(Web page caption snippets)
=======
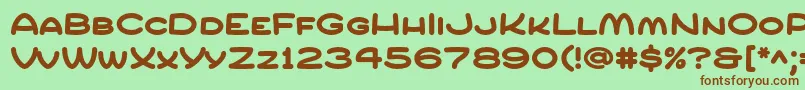 CompurBold-fontti – ruskeat fontit vihreällä taustalla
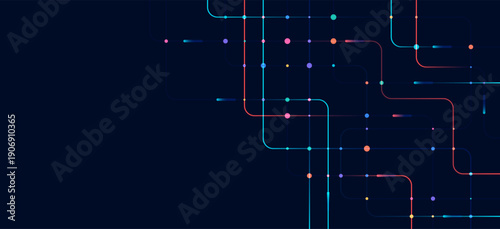 Circuit connect lines and dots. Network technology and Connection concept. Decentralized network nodes connections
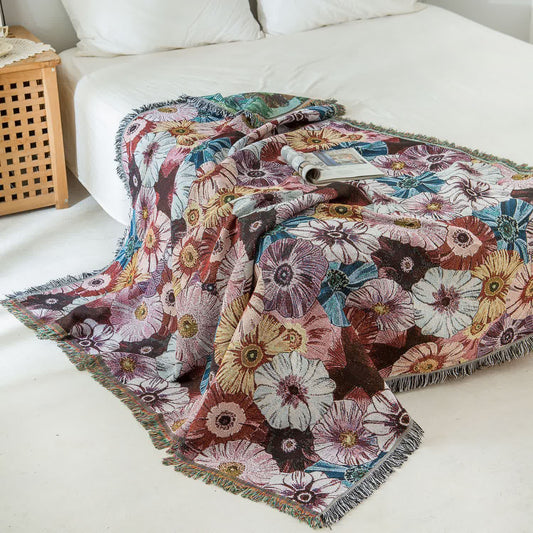 Retro Morning Glory Quaste Decke Wandteppich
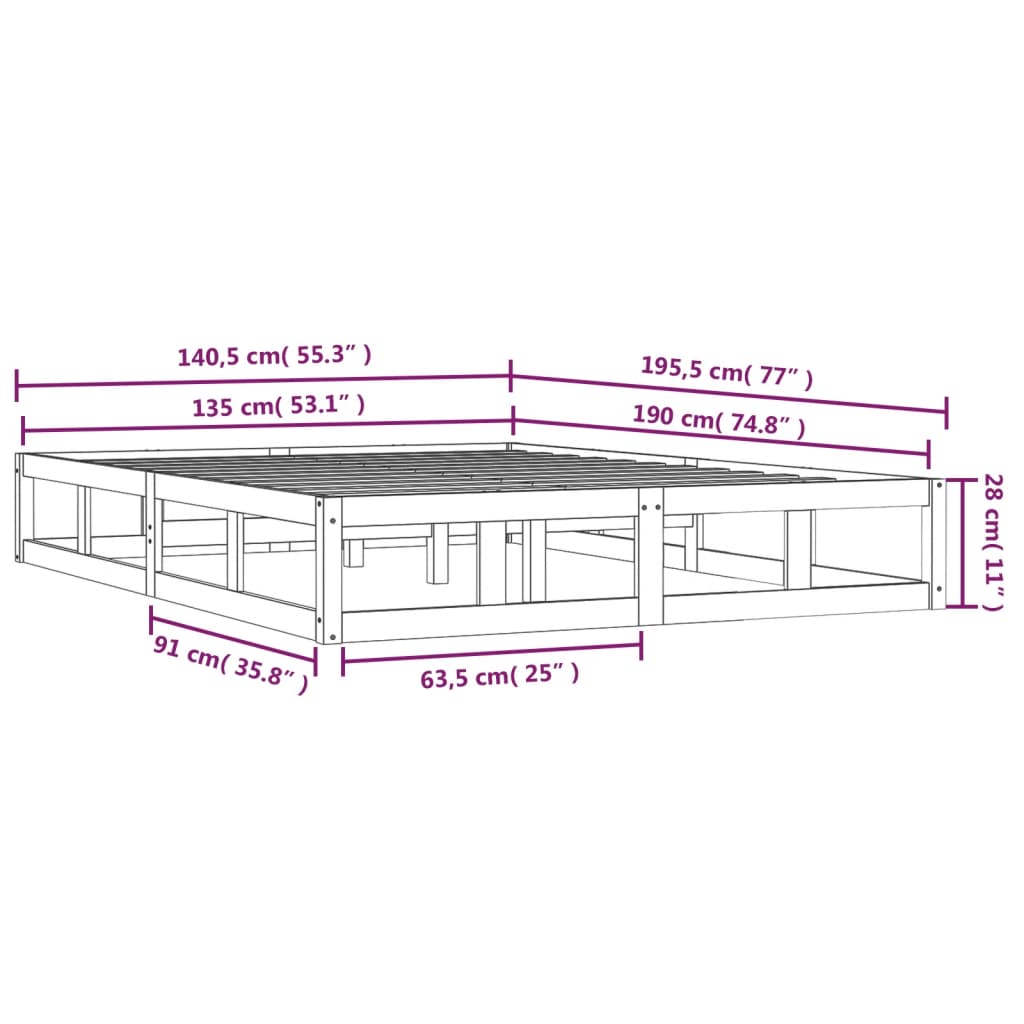 Giroletto Nero 135x190 cm Double in legno Massello - homemem39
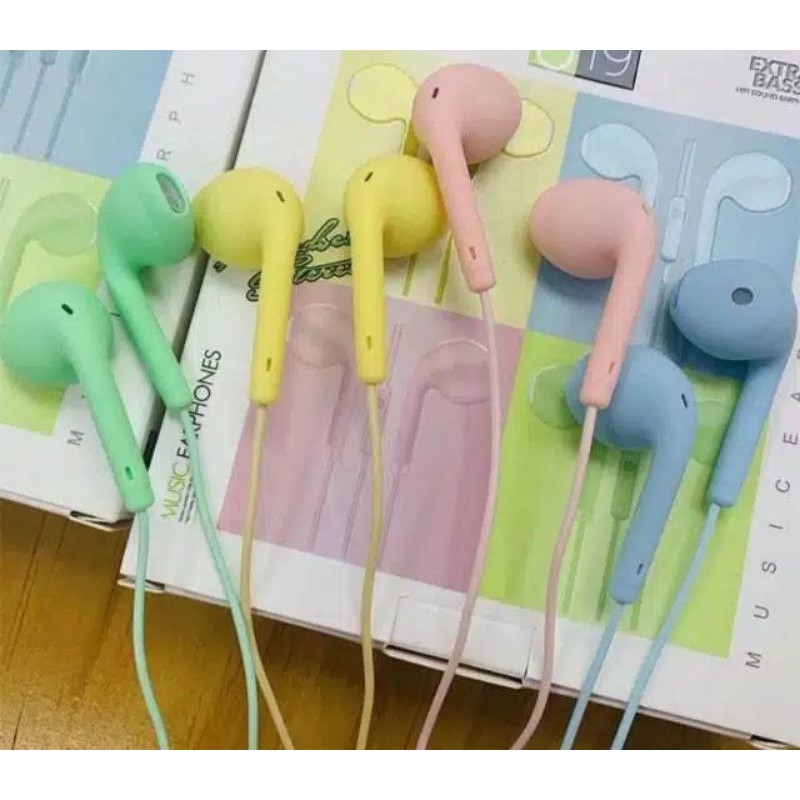 hf headset u-19 macaron earphone new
=======
● Task objective:
Pictures are to be left out; please print the rest of the records above word for word.

● Answer section:
 CompurBold-fontti – ruskeat fontit vihreällä taustalla
 Circuit connect lines and dots. Network technology and Connection concept. Decentralized network nodes connections
 Retro Morning Glory Quaste Decke Wandteppich
 Giroletto Nero 135x190 cm Double in legno Massello - homemem39
 hf headset u-19 macaron earphone new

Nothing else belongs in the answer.